Welcome one another, therefore, just as Christ has welcomed you, for the glory of God. For I tell you that Christ has become a servant of the circumcised on behalf of the truth of God in order that he might confirm the promises given to the patriarchs, and in order that the Gentiles might glorify God for his mercy. As it is written, “Therefore I will confess you among the Gentiles, and sing praises to your name”; and again he says, “Rejoice, O Gentiles, with his people”; and again, “Praise the Lord, all you Gentiles, and let all the peoples praise him”; and again Isaiah says, “The root of Jesse shall come, the one who rises to rule the Gentiles; in him the Gentiles shall hope.”

May the God of hope fill you with all joy and peace in believing, so that you may abound in hope by the power of the Holy Spirit. (NRSV)


Reflection

The book of Romans contains Paul’s epistles, addressed to the early Christian congregation in Rome, which was composed predominantly of Gentiles but also of Jews. 

Paul, a devout Jew and Pharisee, was not one of the twelve disciples of Jesus and openly criticized and persecuted followers of Christ, because they strayed from Jewish traditions. It was after Jesus’ death that Paul’s conversion to Christianity happened, on the road to Damascus, when Christ appeared to Paul in a vision. 

It’s after his conversion that Paul becomes the representative of Christ to the Gentiles. 

In Romans 15:7–11, Paul’s instruction focuses upon welcoming them into the fold. 

In Judaism, circumcision was a rite performed on male infants as a sign of the covenant between God and God’s people. In his epistle, Paul is linking the circumcised, or the Jewish followers, with the Gentiles, or the non-Jews, through their acceptance and belief in God’s truth, Jesus the Christ. 

How bold and off-putting a concept that must have been to the Jews and the Gentiles, who, historically, due to their differing religious beliefs and practices, preferred their own company. 

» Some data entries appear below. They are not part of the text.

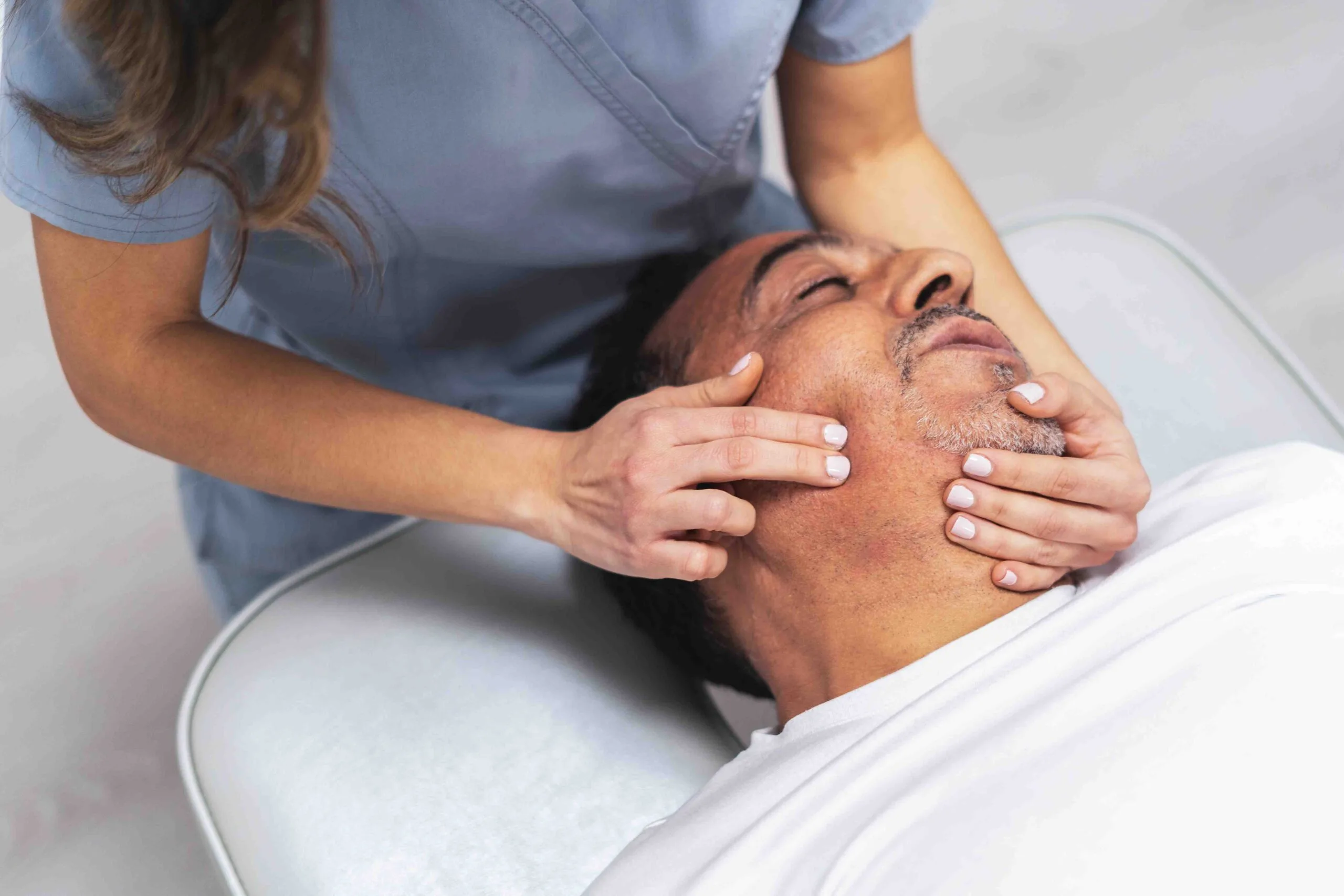 physiotherapist-massaging-patient-s-face-in-clinic-2025-04-28-23-05-38-utc_11zon physiotherapist-massaging-patient-s-face-in-clinic-2025-04-28-23-05-38-utc_11zon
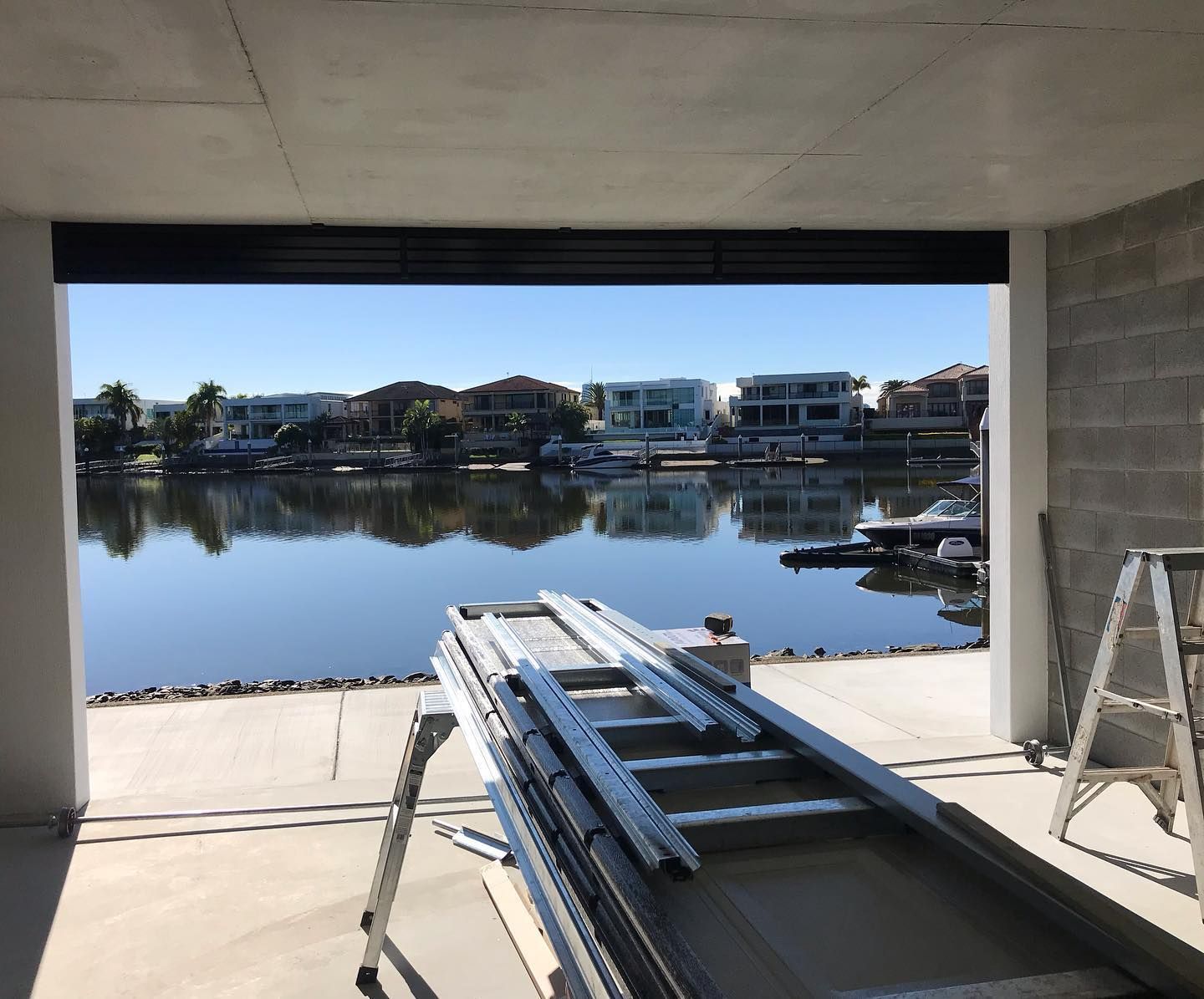 A ladder is sitting in front of a large body of water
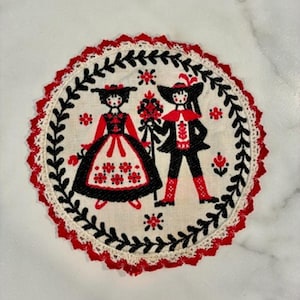 May include: A round fabric doily featuring black and red embroidery of two figures in traditional attire. The design is enclosed by a black leaf border and a scalloped red and white crocheted edge on a cream-colored background.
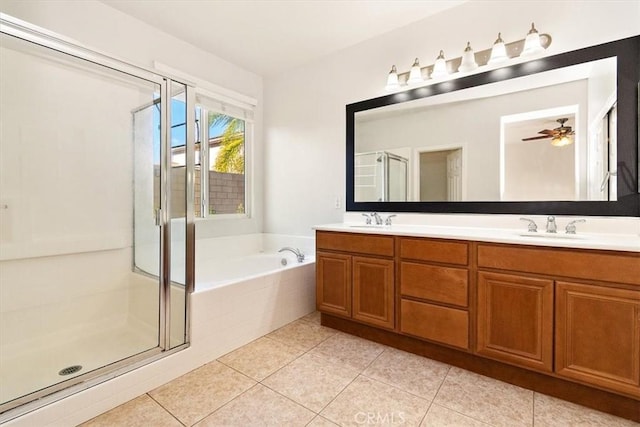 bathroom featuring vanity, shower with separate bathtub, and tile patterned flooring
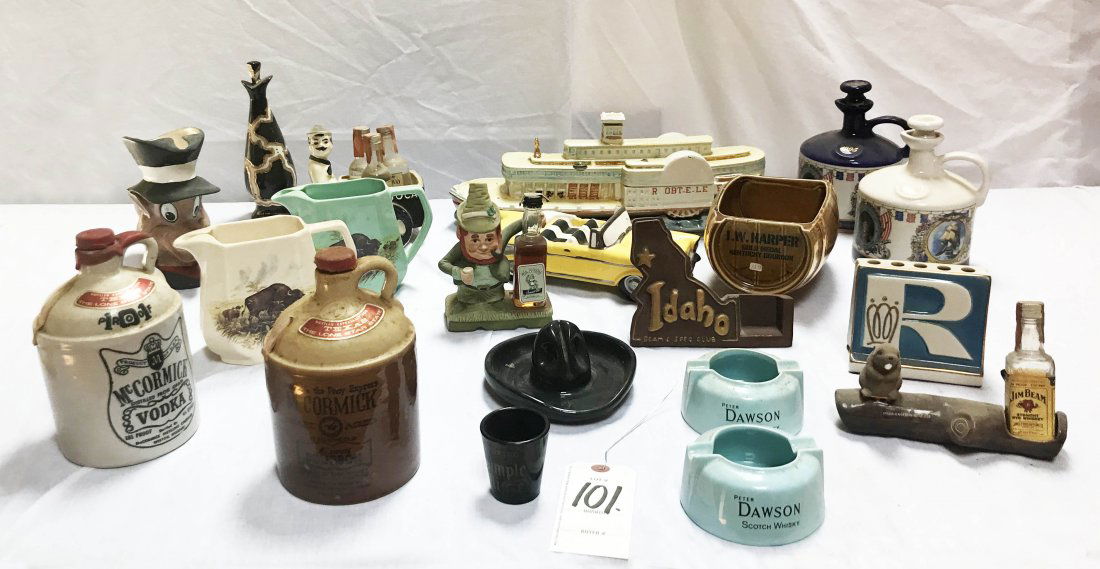 Grouping of Figural Bottles/Decanters: Approximately 40 bottles/decanters: Beam, Harper, Dawson (2) McCormick jugs, (2) Jim Beam, Mr. Lucky, fox pitcher, rum carioca (L), paddle boat-part missing, (2) Peter Dawson ashtrays, Jim Beam Oregon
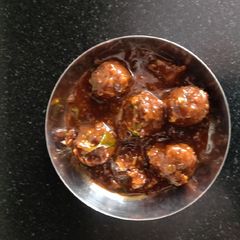 A picture of Veg manchurian with gravy.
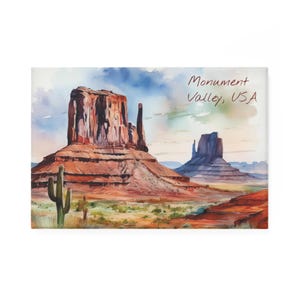 May include: A watercolour painting of Monument Valley, USA. The image shows the famous sandstone buttes in shades of red and brown under a blue sky. A cactus is in the foreground, with the text "Monument Valley, USA".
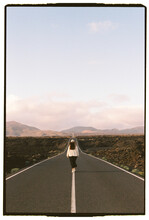 Girl Walking At Road Landscape In Lanzarote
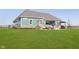 Lush backyard featuring a well-kept lawn, patio with seating and dining, and a stone fireplace, ideal for outdoor living at 5679 S 675 W, New Palestine, IN 46163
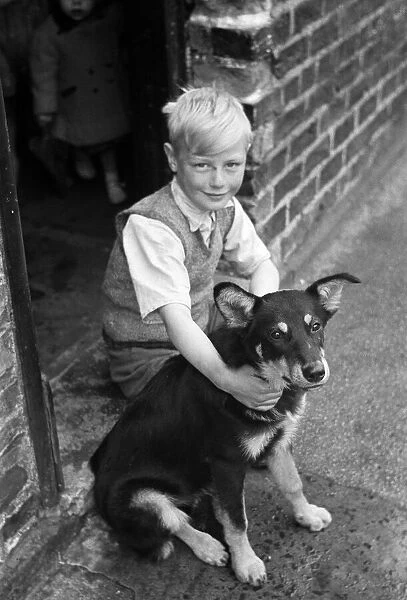 Kenneth Griffiths, pictured at home with Lassie, the dog he took with him on his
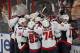SUNRISE, FL - FEBRUARY 12: The Washington Capitals mob Troy Brouwer #20 after he scored the game-winning goal in overtime against the Florida Panthers at the BB&T Center on February 12, 2013 in Sunrise, Florida. The Capitals defeated the Panthers 6-5 in overtime.(Photo by Joel Auerbach/Getty Images)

Now they are building the Christian church together? 

Was this notion of working together made more credible somehow since it was prophesied in Isaiah that the descendant of Jesse, who would be Jesus, would build a kingdom on earth that would include the Gentiles? 

In the twenty-first century, aren’t we still alienated by our differences, which hinder our capacity for finding common ground? 

Did those early Christians have a sense of the magnitude of what they were going to build together, in accordance with God’s plan? 

Do we modern-day Christians lose sight of the fact that we’re still kingdom-building and still part of God’s plan? 

Finally, Paul tells us that hope lives in the work of the Holy Spirit.

Spirit of the living God, fall afresh on me. 


Prayer
Holy God, open my eyes to others and renew my spirit. Bless my work to your glory, and sustain my hope, so that I may become an instrument of your kingdom-building here on earth. Amen.